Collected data

+-------+

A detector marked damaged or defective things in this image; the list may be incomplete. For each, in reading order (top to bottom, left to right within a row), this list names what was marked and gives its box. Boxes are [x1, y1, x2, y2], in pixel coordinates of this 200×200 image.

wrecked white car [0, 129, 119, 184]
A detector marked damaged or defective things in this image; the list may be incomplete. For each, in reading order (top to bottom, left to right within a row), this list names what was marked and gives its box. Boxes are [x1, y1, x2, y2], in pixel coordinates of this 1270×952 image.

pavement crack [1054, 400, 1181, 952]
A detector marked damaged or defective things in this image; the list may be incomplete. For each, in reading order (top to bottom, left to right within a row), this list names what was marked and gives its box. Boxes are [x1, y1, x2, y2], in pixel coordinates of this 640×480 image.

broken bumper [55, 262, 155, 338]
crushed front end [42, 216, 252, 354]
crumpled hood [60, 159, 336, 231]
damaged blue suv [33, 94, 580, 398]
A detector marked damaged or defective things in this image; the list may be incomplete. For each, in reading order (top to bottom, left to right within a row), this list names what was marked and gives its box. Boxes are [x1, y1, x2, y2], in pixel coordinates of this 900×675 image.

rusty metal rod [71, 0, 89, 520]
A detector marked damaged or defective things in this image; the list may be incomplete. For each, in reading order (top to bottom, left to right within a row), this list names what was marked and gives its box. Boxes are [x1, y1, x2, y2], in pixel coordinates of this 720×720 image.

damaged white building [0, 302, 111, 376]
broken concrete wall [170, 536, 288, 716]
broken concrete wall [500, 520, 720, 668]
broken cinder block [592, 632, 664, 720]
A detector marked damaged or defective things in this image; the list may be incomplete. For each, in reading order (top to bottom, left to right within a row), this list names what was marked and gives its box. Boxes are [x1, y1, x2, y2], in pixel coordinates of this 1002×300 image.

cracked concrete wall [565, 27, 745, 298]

+-------+

(Work required): From the line that contains "this 1002×300 image." down to the last line above, print each line exactly as it appears.

(Solution for this problem):
A detector marked damaged or defective things in this image; the list may be incomplete. For each, in reading order (top to bottom, left to right within a row), this list names what was marked and gives its box. Boxes are [x1, y1, x2, y2], in pixel coordinates of this 1002×300 image.

cracked concrete wall [565, 27, 745, 298]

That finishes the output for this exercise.